Abstract Information 
Abstract ID
20260135
Category
Sports Medicine: Epidemiology and Injury Prevention
Preferable Presentation
Both
Title
THIS STUDY DEVELOPS THE HEALTH READINESS SCORE (HRS) TO ADDRESS ATHLETE UNDER-REPORTING. USING A TWO-TIERED TRIAGE APPLICATION, 50 ELITE ATHLETES WERE MONITORED FOR 10 WEEKS. VALIDATED AGAINST MEDICAL RECORDS, THE HRS ACTS AS AN EARLY WARNING SYSTEM TO REDUCE TIME-LOSS INJURIES, ESTABLISHING A NEW STANDARD FOR EVIDENCE-BASED POLICY AND EFFICIENT SPORTS HEALTH MANAGEMENT IN THAILAND.
Author
  • Full Name: KATHANON PHONPUET
  • Affiliation/Institution: Sports Authority of Thailand
  • Country: Thailand
Presenter
Kathanon phonpuet
Abstract
Background
Today, elite athletes face heavy training loads and increasingly dense competition schedules. Evidence suggests that poor load management is a primary risk factor for acute illness and overtraining syndrome. In the high-stakes environment of elite sports, effective injury management is a critical determinant of success for both athletes and national sports organizations (Schwellnus et al., 2016).

The transition from reactive care to proactive surveillance is essential for maintaining peak performance. Research by Drew and Finch (2016) confirms a significant relationship between training load and injury risk.

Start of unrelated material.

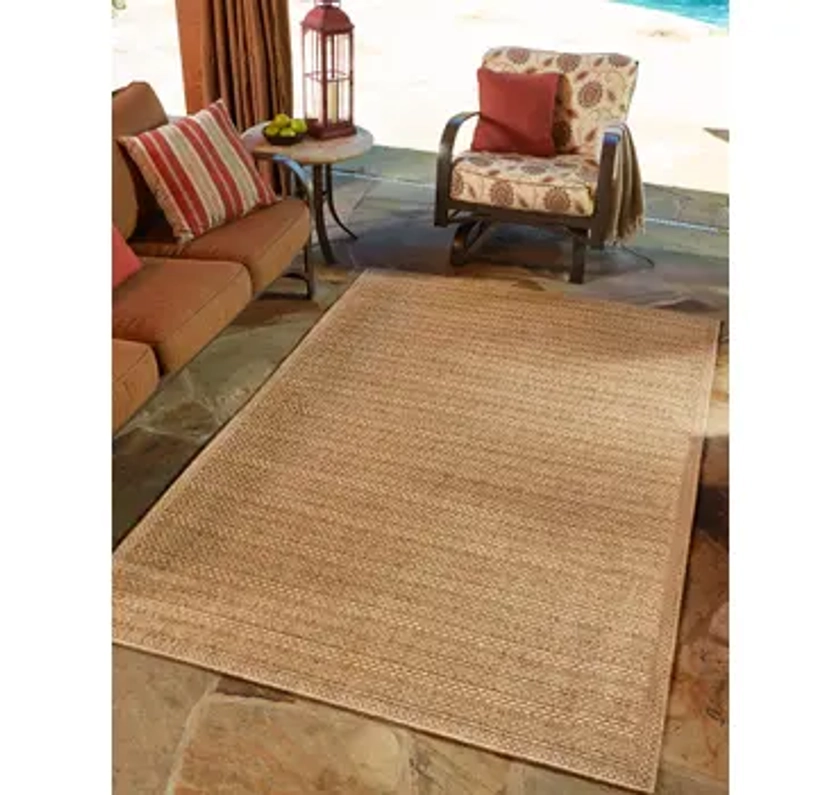 Light Brown 160cm x 245cm Border Indoor / Outdoor Rug | Rugs UK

Without effective monitoring, minor health issues can escalate into severe "time-loss injuries," negatively impacting athlete longevity and government support budgets.

While the OSTRC Questionnaire on Health Problems (Clarsen et al., 2014) is a globally recognized tool for monitoring overuse injuries, its application among Thai national athletes faces a major limitation: "respondent burden." The complex structure, excessive questions, and unclear Thai translations often lead to poor long-term compliance (Saw et al., 2016).

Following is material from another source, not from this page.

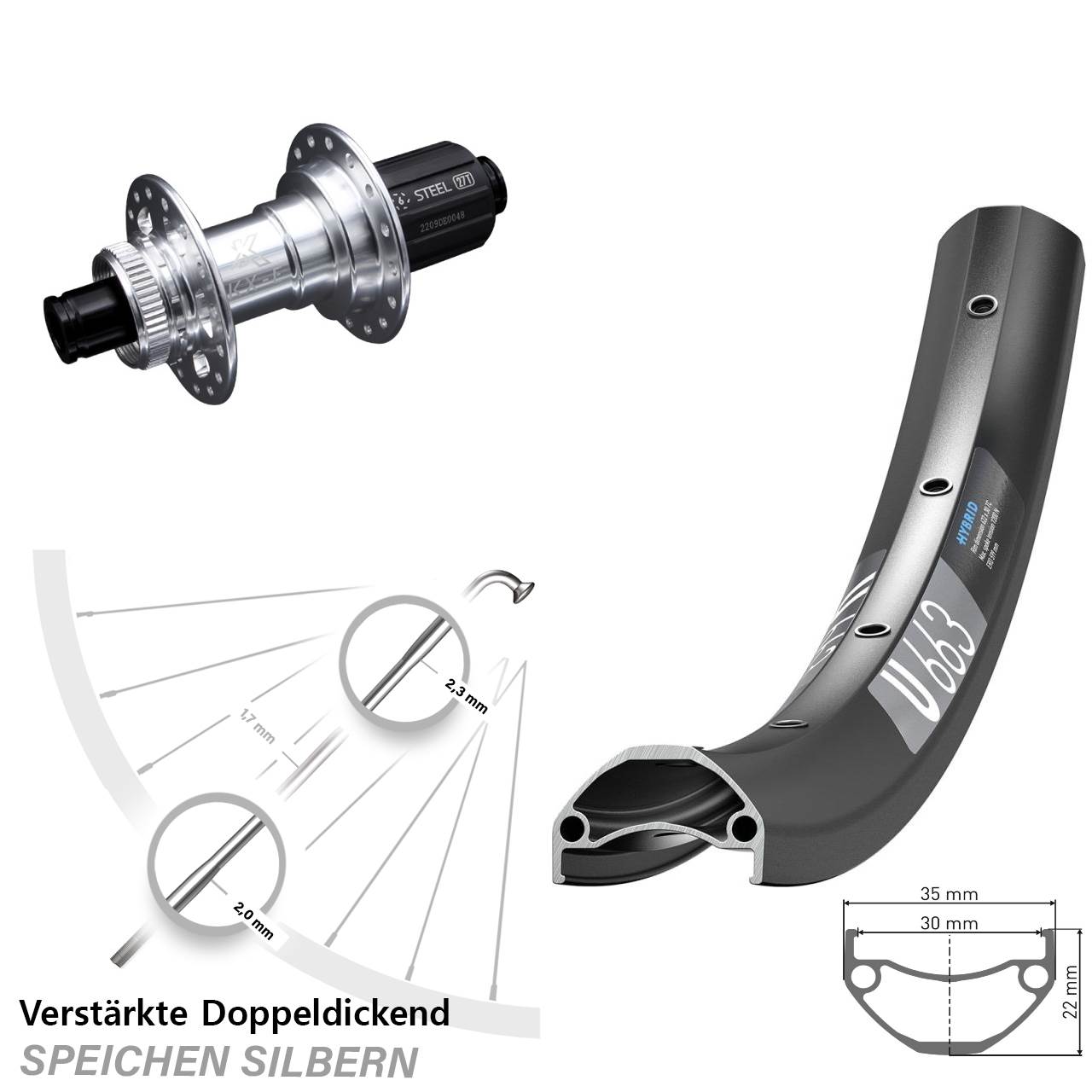 Disc Hinterrad 12x142 29 Zoll DT Swiss U663 KX-E 8-12 fach HG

Beyond structural design, injury under-reporting remains a significant obstacle. Athletes frequently avoid reporting pain due to concerns regarding their team status or selection opportunities (Mallard et al., 2017). When tools are cumbersome, athletes are more likely to ignore sub-clinical symptoms. This deprives medical teams of the evidence-based data required for accurate load adjustments and clinical decision-making (Fuller et al., 2006).

To address these challenges, this research aims to develop and validate the Health Readiness Score (HRS). Built upon the IOC’s Cumulative Load Model (Soligard et al., 2016), the HRS utilizes a concise Two-Tiered Triage structure. This includes a Red Flag Override for critical injuries and an Injury Burden Score (IBS) for continuous monitoring of less severe symptoms (Finch & Cook, 2014). This study seeks to prove the tool’s reliability through discrepancy analysis against clinical medical records, following the injury prevention validation framework established by van Mechelen (1992). The HRS system serves as both a communication bridge between athletes and medical staff (Gabbett, 2016) and a foundation for multi-factorial risk management in Thai sports policy.

Methodology
This study involves 50 elite athletes from the Taekwondo Association of Thailand. A specialized weekly health monitoring application serves as the primary data collection tool. The system employs a normalization technique to convert the Injury Burden Score (IBS) into a 0–100% Health Readiness Score (HRS). Over a 10-week period, self-reported data will be cross-referenced with medical records provided by the team’s medical staff. Data analysis will utilize correlation statistics and discrepancy analysis to identify specific rates of injury under-reporting and validate the tool's effectiveness.

Current Status of Research
Phase 1: Tool Development (In Progress): Development of the application, the HRS algorithm, and the Two-Tiered Triage system is complete. Content validity testing with sports medicine and science experts is currently underway.
Phase 2: Data Collection (Upcoming): Finalizing preparations for field data collection with the athlete cohort.
Phase 3: Data Analysis and Conclusion (Upcoming): Scheduled processing of longitudinal data and final reporting.